From the Kitchen Table to the Whole House by Anat Shenker Osorio (ASO Communications) and Jennifer Fernandez Ancona (Way to Win). This is a research project from two intelligent, strategic thinkers that offers a set of specific steps to counter MAGA messaging and rebuild our coalition. I highly recommend the whole thing, but here is one critical insight:
Economic arguments alone cannot rebuff the full spectrum of attacks coming
from Republicans and thus fall short at moving voters in a partisan context.
Instead, messages that speak to personal, social and economic concerns — under the banner of a better life — animate swing and surge voters, while helping inoculate against opposing rhetoric.
How Progressives Should Reframe Their Economic Messaging by Bryan Bennet, Navigator Research. Bryan and the folks at Navigator have as much data on how people feel about the economy as anyone in politics. In the memo, Bryan synthesizes this data into a messaging strategy to help progressives up and down the ballot talk about the economy.
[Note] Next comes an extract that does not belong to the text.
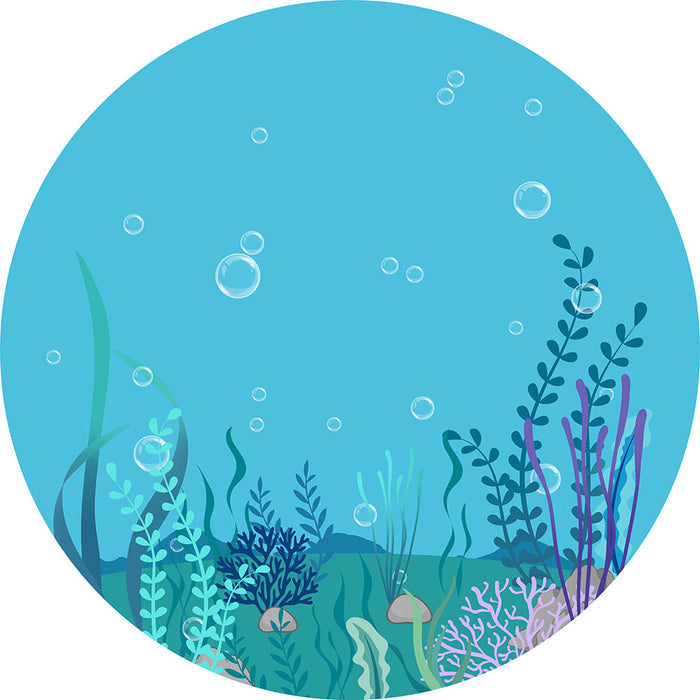 Mocsicka Undersea Birthday Round Cover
There is an opening for progressives for two reasons: one, Republicans burned up their long-established brand as the party that is serious about focusing on the fundamentals of the economy; and two, Democrats passed an economic policy agenda that is really popular — just deeply unknown — while Republicans continue to shill for corporations and the wealthy at every opportunity.
As a result, progressives should reframe their popular economic agenda to focus on bringing down costs and improving the economy for everyday people while driving a contrast that forces a choice against unpopular, extremist Republican policy proposals.
Why “Bidenomics” isn’t resonating & which accomplishments move the needle most by Blueprint Research — a new polling operation spun up this cycle. Opinions vary on whether the use of the term “Bidenomics” was a strategic mistake. This new research shows the problem stems less from the term and more from the underlying focus.
Blueprint’s polling shows a major disconnect on where voters think President Biden and Bidenomics are focused compared to where they want the focus to be. Voters believe that the President is mostly focused on creating more jobs (43%), but would overwhelmingly prefer to see improvement on prices (64%) rather than on jobs (7%). However, voters do believe that prices are the primary focus of both the Republican Party (54%) and former President Trump (49%). The reason Bidenomics isn’t resonating with voters is that it is simply not seen as addressing their concerns about the economy.
This is just the beginning of this very important discussion. More to come in 2024. Happy Holidays.